*Exercise objective*: Skip the images; return every entry exactly.

═══ Entries shown

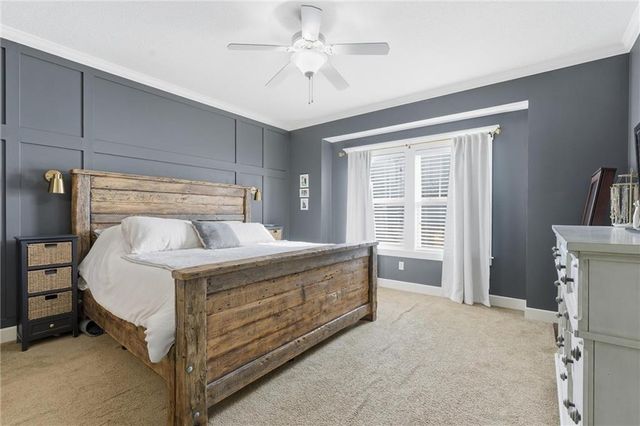 3108 SW Pergola Park Drive, Lee's Summit, MO 64081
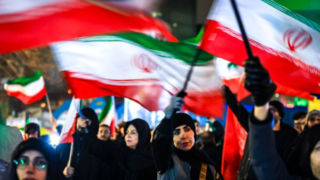 ویدیوی خبرساز از چند دختر آفریقایی در ایران ویدیوی خبرساز از چند دختر آفریقایی در ایران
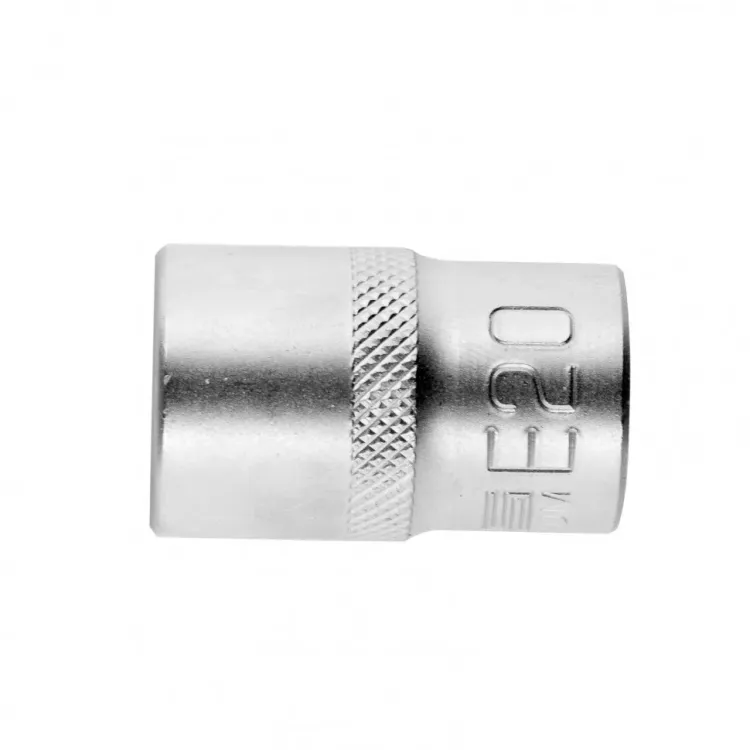 Головка торцевая 1/2 Е20 CrV Stels 13874 купить в Урае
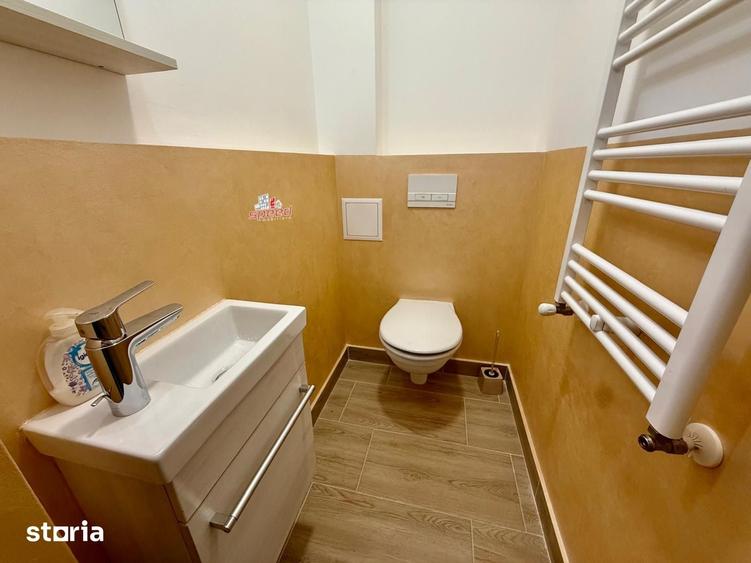 Apartament cu 3 camere în Tudor Vladimirescu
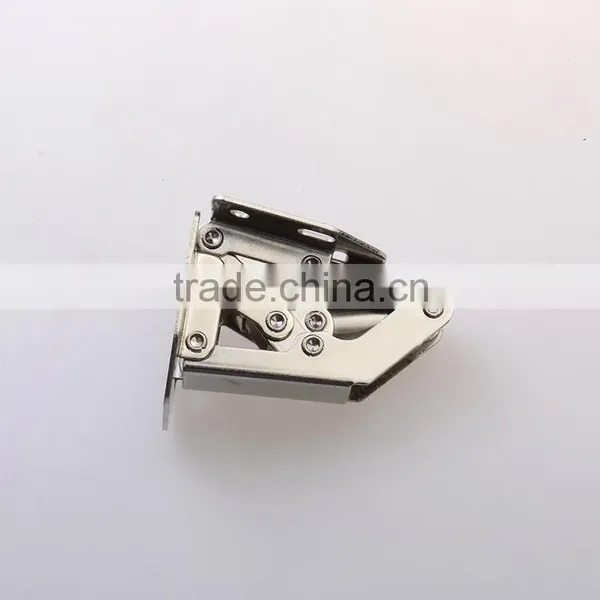 4 Inch Zine Plated Frog Hinges for Cabinet photo-4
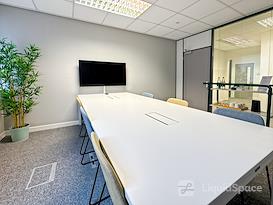 Regus | NEWBRIDGE, Westerton House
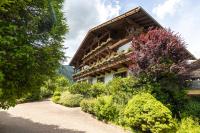 Residence Grünwald - B&B Valles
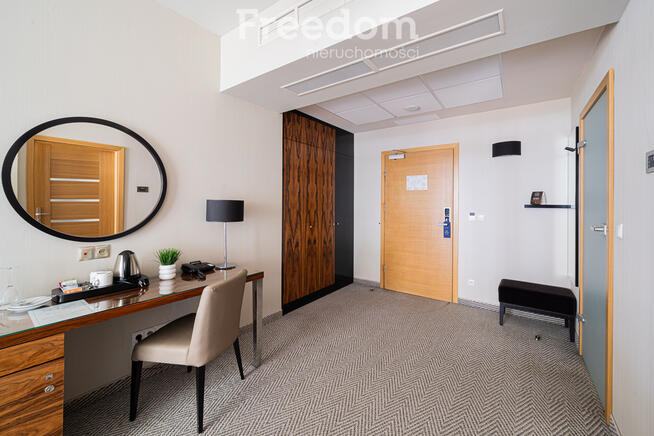 Apartament w Kołobrzegu z widokiem na morze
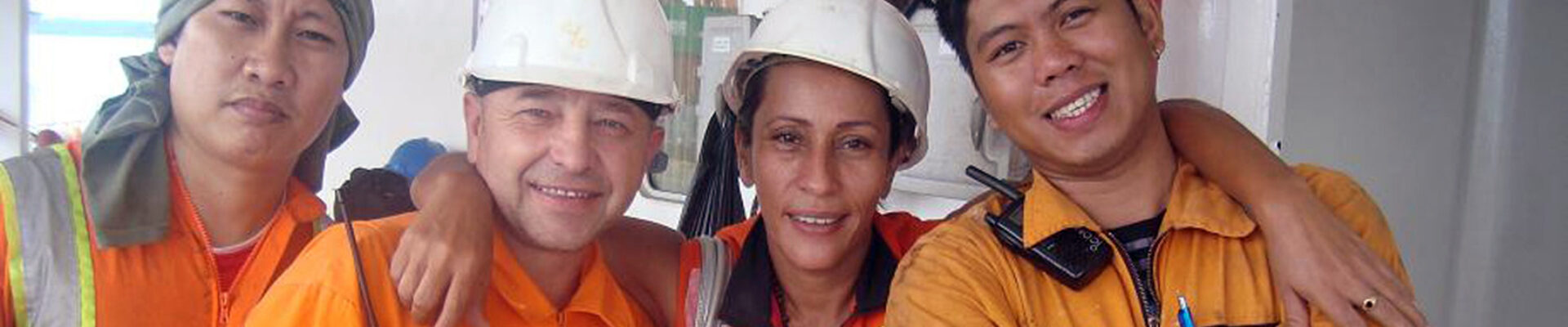 Seafarers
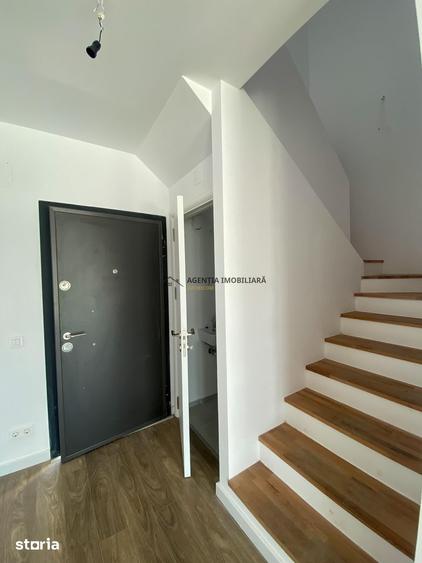 Casa 4 camere | Complex Hann Harmony I TVA inclus I Comision 0 - 6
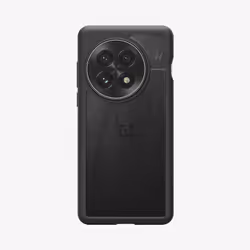 Spigen Ultra Hybrid, Housse, OnePlus, OnePlus 13, 17,3 cm (6.82"), Noir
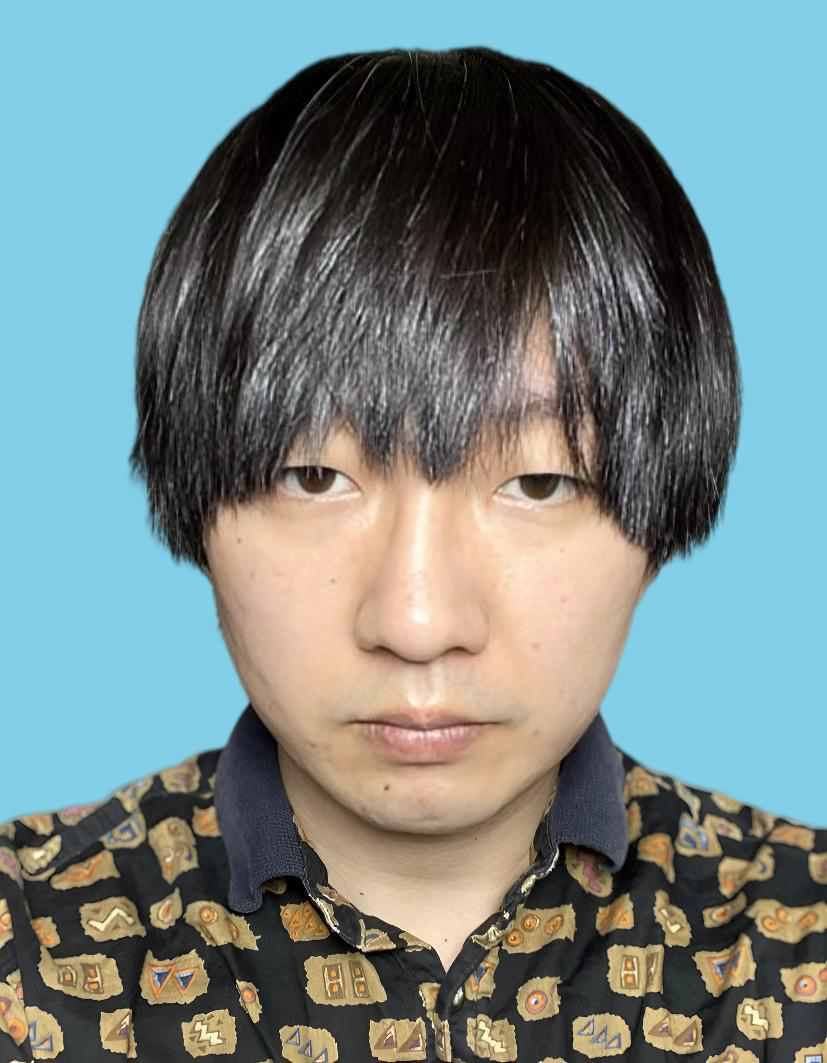 上梨 ゆうすけ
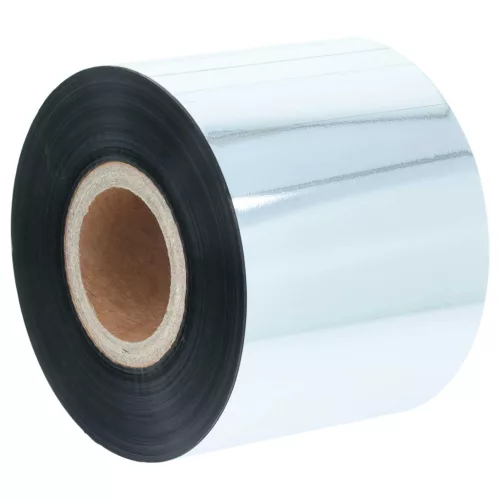 VHBW Thermal Transfer Ribbon for Godex, Printronix, TSC, Valentin Printers - 50 mm x 300 m Wax Resin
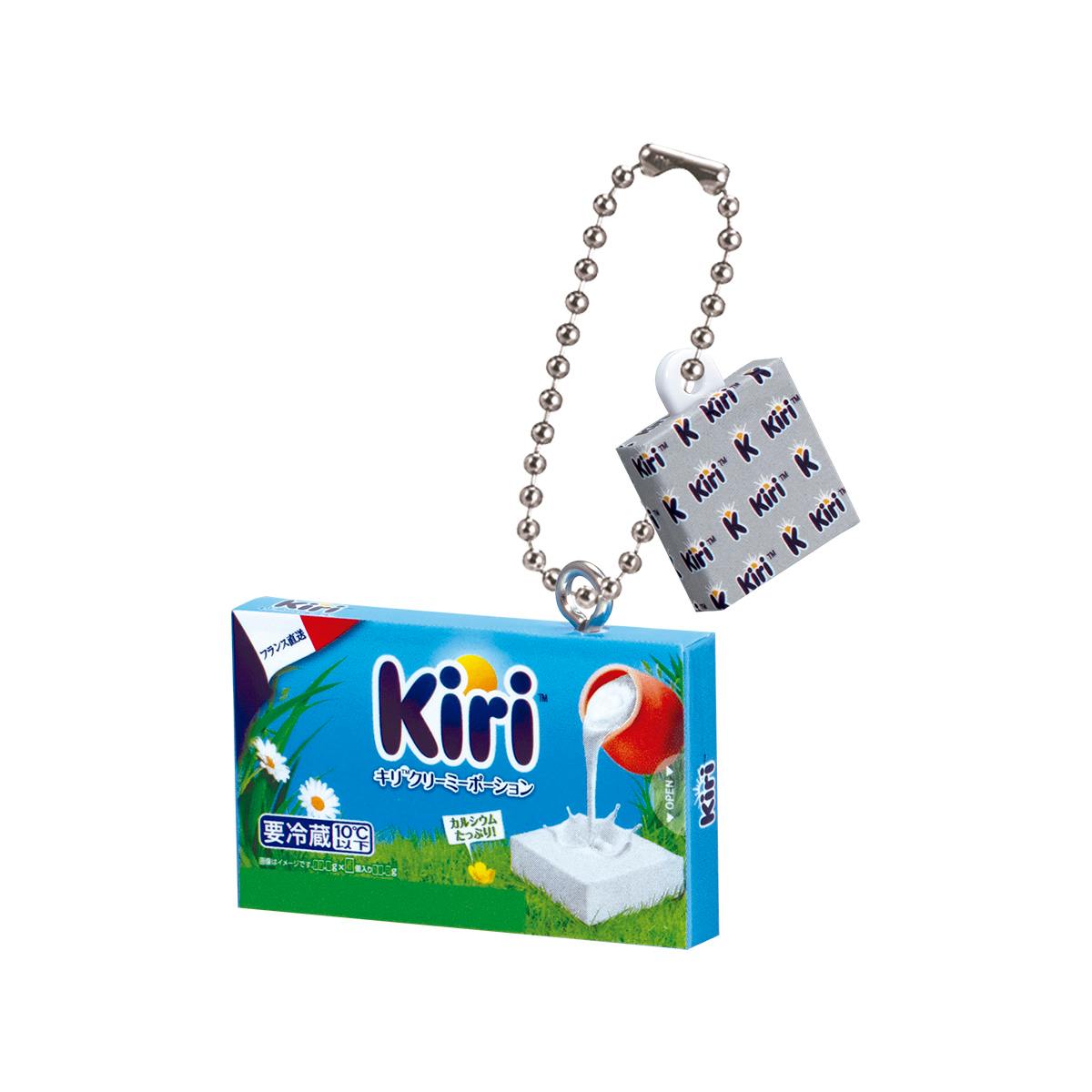 ?(Capsule) New items information? 【KIRI™ CREAM CHEESE MINIATURE 
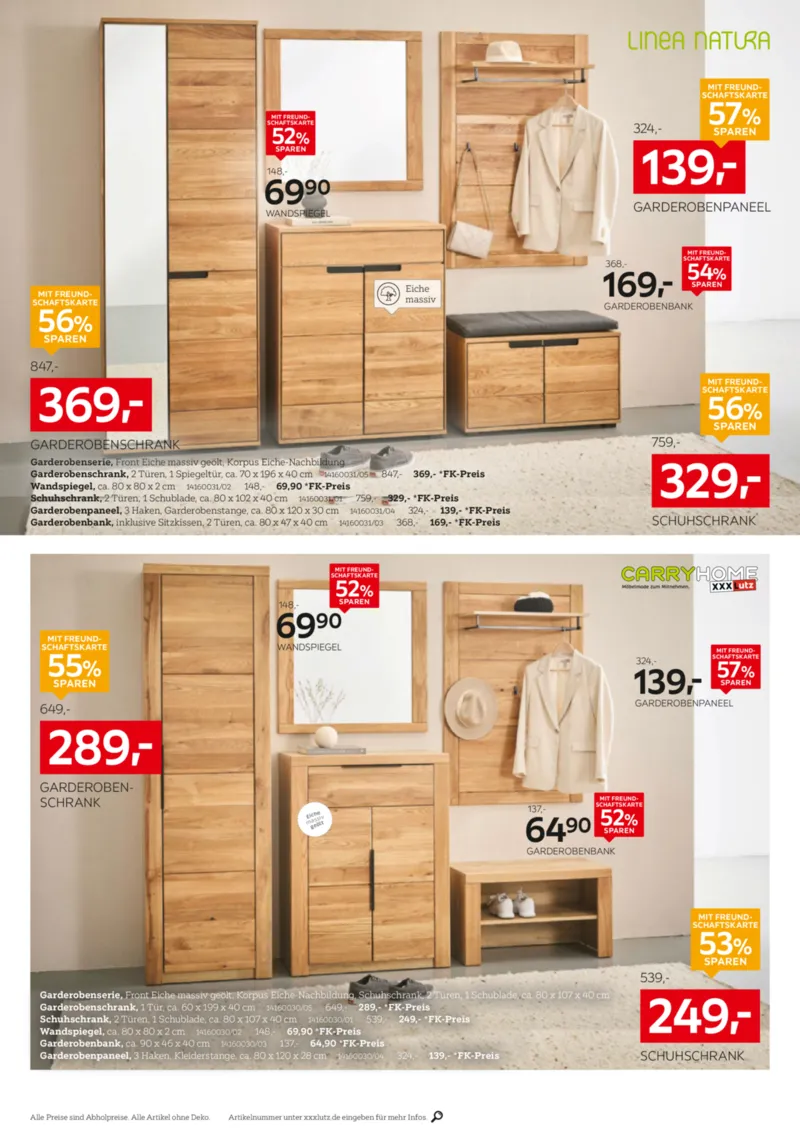 XXXLutz Prospekt vom 29.03.2026, Seite 10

══════

*Reply to the exercise*:
 3108 SW Pergola Park Drive, Lee's Summit, MO 64081
 ویدیوی خبرساز از چند دختر آفریقایی در ایران ویدیوی خبرساز از چند دختر آفریقایی در ایران
 Головка торцевая 1/2 Е20 CrV Stels 13874 купить в Урае
 Apartament cu 3 camere în Tudor Vladimirescu
 4 Inch Zine Plated Frog Hinges for Cabinet photo-4
 Regus | NEWBRIDGE, Westerton House
 Residence Grünwald - B&B Valles
 Apartament w Kołobrzegu z widokiem na morze
 Seafarers
 Casa 4 camere | Complex Hann Harmony I TVA inclus I Comision 0 - 6
 Spigen Ultra Hybrid, Housse, OnePlus, OnePlus 13, 17,3 cm (6.82"), Noir
 上梨 ゆうすけ
 VHBW Thermal Transfer Ribbon for Godex, Printronix, TSC, Valentin Printers - 50 mm x 300 m Wax Resin
 ?(Capsule) New items information? 【KIRI™ CREAM CHEESE MINIATURE 
 XXXLutz Prospekt vom 29.03.2026, Seite 10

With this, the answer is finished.